I have never seen a disk fw update introduce new bugs. Firmware development works quite a bit differently than regular software development. There's usually no new "feature" that can possibly be added to a disk drive. It's not like you're suddenly getting a new desktop environment on it.
But yeah, I have seen a handful of HDDs die during the mandatory power cycle because they wouldn't spin back up. And sometimes, disks fail at a higher rate after the firmware update, but that is not due to introduced bugs but rather because the error detection/reporting functionality has improved and is now reporting issues that it didn't before. For enterprise storage systems that is actually a good thing, because a predicted failure is always better than a sudden failure.
Case in point: A few years ago, the HGST Cobra drives were leaking fluid from the motor onto the platters. There was nothing that could be done, so the firmware was updated to move the heads more (to prevent fluid buildup) and the error detection was changed to detect the slowed head movement and report that via sense codes. Of course that caused more early failures, but that's better than having a handful disks fail all at once, and the disks would have failed anyway at some point.
Documentation of this seems to have disappeared into the ether, but I'm reminded of the time that glxgears (or a distro package of it?) briefly turned off FPS output by default, with the argument to turn it on being something like --i-acknowledge-that-this-tool-is-not-a-benchmark
Basically, people were complaining about "major regressions" in glxgears frame rates that were really just minor fluctuations in how long it took to clear and swap buffers, since glxgears does almost no actual rendering (by modern standards).
> The first one gives us our answer: the URL is stored in the registry. It’s actually written by the InstallShield setup.
I... I mean, I get why they did this, rather than building a proper userspace application... but who the fuck thought this would be something that's acceptable to ship to consumers? And what happens in case there are multiple different disk models installed in the same system?
If I understand it correctly, the URL lets you download a file that maps every Toshiba disk model to a firmware version (???). So having different disk models doesn’t change anything, the program just gets the file, checks which drive needs which version, and then downloads these firmware binaries and installs them.

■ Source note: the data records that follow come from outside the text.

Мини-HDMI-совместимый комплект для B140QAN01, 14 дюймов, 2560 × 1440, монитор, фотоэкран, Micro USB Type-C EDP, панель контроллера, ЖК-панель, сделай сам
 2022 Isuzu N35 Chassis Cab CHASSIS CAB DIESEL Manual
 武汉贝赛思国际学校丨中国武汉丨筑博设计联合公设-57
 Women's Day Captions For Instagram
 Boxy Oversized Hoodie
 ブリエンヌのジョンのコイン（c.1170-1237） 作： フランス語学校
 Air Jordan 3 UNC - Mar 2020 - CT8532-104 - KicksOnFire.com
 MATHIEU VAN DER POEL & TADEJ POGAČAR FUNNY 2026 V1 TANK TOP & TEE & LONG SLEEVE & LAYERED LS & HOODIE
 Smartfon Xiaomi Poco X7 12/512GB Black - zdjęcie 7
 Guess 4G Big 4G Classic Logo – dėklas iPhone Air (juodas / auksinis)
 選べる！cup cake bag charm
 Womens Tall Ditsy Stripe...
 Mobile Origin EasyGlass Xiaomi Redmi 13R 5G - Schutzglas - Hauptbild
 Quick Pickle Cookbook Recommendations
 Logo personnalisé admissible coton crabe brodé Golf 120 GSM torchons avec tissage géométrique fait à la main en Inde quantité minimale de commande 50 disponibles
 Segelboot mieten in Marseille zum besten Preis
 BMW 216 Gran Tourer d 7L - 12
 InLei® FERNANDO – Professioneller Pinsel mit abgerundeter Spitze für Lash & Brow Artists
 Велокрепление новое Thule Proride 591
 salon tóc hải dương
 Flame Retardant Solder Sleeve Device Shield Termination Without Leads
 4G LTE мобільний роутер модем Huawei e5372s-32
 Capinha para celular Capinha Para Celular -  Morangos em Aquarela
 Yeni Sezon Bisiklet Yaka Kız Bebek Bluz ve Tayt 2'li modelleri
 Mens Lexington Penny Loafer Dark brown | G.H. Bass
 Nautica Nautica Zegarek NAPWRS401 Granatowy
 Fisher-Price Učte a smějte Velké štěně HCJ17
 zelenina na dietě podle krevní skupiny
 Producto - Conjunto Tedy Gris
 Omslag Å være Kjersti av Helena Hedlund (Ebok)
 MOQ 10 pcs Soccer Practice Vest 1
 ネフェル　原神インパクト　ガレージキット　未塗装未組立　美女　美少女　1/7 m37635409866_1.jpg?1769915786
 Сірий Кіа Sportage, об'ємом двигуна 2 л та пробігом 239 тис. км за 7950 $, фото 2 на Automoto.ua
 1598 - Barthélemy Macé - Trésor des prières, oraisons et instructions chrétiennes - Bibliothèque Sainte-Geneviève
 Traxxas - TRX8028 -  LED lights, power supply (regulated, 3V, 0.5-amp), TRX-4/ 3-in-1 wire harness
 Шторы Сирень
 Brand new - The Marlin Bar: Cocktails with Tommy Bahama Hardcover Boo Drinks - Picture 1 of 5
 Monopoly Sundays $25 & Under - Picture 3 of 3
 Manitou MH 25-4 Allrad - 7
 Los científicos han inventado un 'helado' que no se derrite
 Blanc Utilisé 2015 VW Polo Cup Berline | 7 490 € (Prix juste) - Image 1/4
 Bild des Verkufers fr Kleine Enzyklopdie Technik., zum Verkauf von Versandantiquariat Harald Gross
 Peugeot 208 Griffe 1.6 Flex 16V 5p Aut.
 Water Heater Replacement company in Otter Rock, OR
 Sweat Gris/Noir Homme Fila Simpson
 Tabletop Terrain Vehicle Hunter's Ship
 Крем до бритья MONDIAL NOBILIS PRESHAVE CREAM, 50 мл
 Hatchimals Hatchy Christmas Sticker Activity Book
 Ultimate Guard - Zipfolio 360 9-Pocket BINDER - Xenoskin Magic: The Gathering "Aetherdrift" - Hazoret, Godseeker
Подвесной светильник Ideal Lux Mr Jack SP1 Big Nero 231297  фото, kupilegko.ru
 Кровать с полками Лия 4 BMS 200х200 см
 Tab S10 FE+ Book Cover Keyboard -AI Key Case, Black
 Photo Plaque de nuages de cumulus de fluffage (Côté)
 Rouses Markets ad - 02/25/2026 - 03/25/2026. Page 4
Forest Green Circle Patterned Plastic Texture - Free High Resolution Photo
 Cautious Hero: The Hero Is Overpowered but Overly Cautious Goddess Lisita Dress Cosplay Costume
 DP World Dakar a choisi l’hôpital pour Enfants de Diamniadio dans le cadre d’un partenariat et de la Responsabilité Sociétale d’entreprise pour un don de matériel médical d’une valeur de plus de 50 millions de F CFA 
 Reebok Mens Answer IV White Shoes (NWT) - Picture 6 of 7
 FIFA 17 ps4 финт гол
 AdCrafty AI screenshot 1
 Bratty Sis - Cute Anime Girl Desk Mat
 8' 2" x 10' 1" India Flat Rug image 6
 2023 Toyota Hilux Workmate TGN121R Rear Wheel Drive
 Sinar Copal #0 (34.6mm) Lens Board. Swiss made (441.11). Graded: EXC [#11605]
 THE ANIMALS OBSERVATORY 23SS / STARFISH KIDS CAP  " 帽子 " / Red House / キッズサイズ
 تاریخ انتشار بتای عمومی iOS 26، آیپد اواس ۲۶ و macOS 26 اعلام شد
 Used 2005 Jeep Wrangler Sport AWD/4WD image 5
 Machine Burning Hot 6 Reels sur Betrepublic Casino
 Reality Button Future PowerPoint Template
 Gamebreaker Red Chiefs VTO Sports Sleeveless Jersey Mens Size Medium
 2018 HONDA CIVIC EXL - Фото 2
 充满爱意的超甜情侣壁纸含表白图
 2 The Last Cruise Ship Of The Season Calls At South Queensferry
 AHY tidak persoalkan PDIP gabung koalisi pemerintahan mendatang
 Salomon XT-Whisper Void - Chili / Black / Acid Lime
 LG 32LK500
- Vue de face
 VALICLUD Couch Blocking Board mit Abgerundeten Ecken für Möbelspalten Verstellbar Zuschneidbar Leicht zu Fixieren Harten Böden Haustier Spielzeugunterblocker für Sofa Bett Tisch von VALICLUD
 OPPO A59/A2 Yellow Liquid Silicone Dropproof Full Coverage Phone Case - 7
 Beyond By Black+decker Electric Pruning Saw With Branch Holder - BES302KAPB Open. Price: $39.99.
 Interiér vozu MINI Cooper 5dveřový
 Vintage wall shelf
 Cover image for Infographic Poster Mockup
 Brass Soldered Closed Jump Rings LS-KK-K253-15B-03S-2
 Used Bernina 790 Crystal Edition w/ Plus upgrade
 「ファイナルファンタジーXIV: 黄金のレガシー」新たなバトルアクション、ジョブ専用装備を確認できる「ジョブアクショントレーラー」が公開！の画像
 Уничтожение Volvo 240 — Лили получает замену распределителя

They might just as well send any other .reg file that runs a program (e.g. by creating an autoboot entry, COM server, service, ...) that bricks devices.
I like that the author went very in depth reverse engineering the proprietary update program, but it boiled down to what amounts to a single or few ata commands that can be manually invoked on linux. it's a shame they don't just publish these commands for linux users, and let the windows users have the fancy bespoke tools.
>What’s interesting is the checksum at the end. It’s the CRC32 of the file, minus the last 10 bytes, which can be easily checked with the slice and crc32 tools of my hacking Swiss army knife rsbkb:
I want to know the story of how he realized it was the CRC of the file minus the last 10 bytes. That's gotta be an interesting thought path.